[Top][All Lists]
[Date Prev][Date Next][Thread Prev][Thread Next][Date Index][Thread Index]
Re: [Savannah-hackers-public] FYI, ran "git gc" on all git repositories
From: |
Sylvain Beucler |
Subject: |
Re: [Savannah-hackers-public] FYI, ran "git gc" on all git repositories |
Date: |
Fri, 9 Oct 2009 20:24:57 +0200 |
User-agent: |
Mutt/1.5.20 (2009-06-14) |
On Fri, Oct 09, 2009 at 07:57:52PM +0200, Jim Meyering wrote:
> Sylvain Beucler wrote:
> > On Fri, Oct 09, 2009 at 04:27:32PM +0200, Jim Meyering wrote:
> >> I did the same thing a few months ago.
> >> For some it made a big difference: emacs.git went from 1.1GB to 155MB.
> >> Active repositories were shrunk to ~20% or even 5% of their original size.
> >>
> >> This is the script I ran:
> >>
> >> #!/bin/bash
> >> log=$(mktemp /tmp/log-repo-gc-XXXXXX)
> >> printf "Run this to see more detail:\ntail -f $log\n"
> >> exec >$log
> >>
> >> cd /vservers/vcs-noshell/srv/git
> >>
> >> for dir in *.git; do
> >> echo $dir... 1>&2
> >> start_kb=$(du -sk $dir|cut -f1)
> >> printf '%-20s %u KiB->' $dir $start_kb
> >> start_sec=$(date +%s)
> >> git --git-dir=$dir gc
> >> end_sec=$(date +%s)
> >> elapsed=$((end_sec - start_sec))
> >> end_kb=$(du -sk $dir|cut -f1)
> >> percent_saved=$(echo "scale=2; 100 * ($start_kb - $end_kb) /
> >> $start_kb"|bc)
> >> printf '%s (saved %s%% in %ss)\n' $end_kb $percent_saved $elapsed
> >> done
> >
> > Cool. Nice optimization.
> >
> > I wonder what kind of effects this have though.
>
> It's certainly safe.
> I've done this numerous times on savannah, and on other systems,
> with no ill effects, other than for those unlucky
> enough to have to use git-over-http.
>
> > Possibly HTTP users will have to download a big file (but then
> > shouldn't use http ;))
>
> Right on both counts.
>
> > We should ask Petr Baudis from repo.or.cz, I think there's been a
> > discussion a year or two ago, and they weren't sure -- or fix git into
> > doing it automatically if that's feasible.
>
> One way or another, it's worth automating.
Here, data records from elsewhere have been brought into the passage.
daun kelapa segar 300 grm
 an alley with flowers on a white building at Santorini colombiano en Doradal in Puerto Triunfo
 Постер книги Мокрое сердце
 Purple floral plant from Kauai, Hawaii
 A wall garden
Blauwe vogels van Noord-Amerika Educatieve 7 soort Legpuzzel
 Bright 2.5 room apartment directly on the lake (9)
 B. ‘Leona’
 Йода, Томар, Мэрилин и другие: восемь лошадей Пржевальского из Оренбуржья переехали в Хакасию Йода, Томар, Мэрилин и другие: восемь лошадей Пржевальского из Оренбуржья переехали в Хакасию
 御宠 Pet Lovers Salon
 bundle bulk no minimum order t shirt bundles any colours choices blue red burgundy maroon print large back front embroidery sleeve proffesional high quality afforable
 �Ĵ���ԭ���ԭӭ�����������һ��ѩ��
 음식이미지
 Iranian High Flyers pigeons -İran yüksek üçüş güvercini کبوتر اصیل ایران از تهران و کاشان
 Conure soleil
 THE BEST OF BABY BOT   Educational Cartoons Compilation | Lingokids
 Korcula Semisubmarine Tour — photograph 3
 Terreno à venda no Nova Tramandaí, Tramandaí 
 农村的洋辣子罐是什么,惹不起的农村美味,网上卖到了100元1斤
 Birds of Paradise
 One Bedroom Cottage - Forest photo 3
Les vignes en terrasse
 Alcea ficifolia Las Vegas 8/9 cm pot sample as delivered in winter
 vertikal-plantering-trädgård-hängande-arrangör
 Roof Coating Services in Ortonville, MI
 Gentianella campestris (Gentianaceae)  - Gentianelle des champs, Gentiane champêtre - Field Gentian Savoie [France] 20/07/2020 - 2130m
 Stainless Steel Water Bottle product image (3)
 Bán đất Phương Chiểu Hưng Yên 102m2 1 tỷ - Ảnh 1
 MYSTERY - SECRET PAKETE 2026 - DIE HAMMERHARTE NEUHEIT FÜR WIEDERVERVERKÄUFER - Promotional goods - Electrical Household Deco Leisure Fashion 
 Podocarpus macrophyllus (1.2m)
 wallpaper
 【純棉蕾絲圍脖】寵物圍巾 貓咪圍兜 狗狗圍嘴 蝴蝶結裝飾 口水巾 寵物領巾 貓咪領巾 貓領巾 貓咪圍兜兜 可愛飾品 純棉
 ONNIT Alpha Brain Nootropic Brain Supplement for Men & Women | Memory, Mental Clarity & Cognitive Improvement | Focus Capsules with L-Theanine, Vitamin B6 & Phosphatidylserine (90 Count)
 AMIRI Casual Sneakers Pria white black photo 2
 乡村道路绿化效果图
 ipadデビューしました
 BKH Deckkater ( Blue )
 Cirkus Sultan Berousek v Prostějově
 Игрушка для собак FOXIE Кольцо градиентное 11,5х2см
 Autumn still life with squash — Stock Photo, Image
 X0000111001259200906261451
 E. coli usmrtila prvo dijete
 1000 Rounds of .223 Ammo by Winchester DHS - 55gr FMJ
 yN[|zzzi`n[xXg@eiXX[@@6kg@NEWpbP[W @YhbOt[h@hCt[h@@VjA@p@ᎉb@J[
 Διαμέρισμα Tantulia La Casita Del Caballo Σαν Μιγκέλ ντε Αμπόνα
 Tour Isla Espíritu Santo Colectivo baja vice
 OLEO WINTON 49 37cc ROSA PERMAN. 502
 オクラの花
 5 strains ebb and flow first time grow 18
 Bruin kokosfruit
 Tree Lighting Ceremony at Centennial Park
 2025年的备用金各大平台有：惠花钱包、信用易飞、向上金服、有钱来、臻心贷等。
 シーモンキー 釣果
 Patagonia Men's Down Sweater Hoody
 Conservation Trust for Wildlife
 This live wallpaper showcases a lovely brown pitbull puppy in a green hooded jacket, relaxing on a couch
I think the issues was weird branching, maybe branching from remotes
that were deleted _and_ in forks using repo.or.cz space-efficient
local forks - but I may be wrong.
Last you ran a massive gc was 2009-04-12 - btw it's good to mention
this in the ChangeLog too :)
--
Sylvain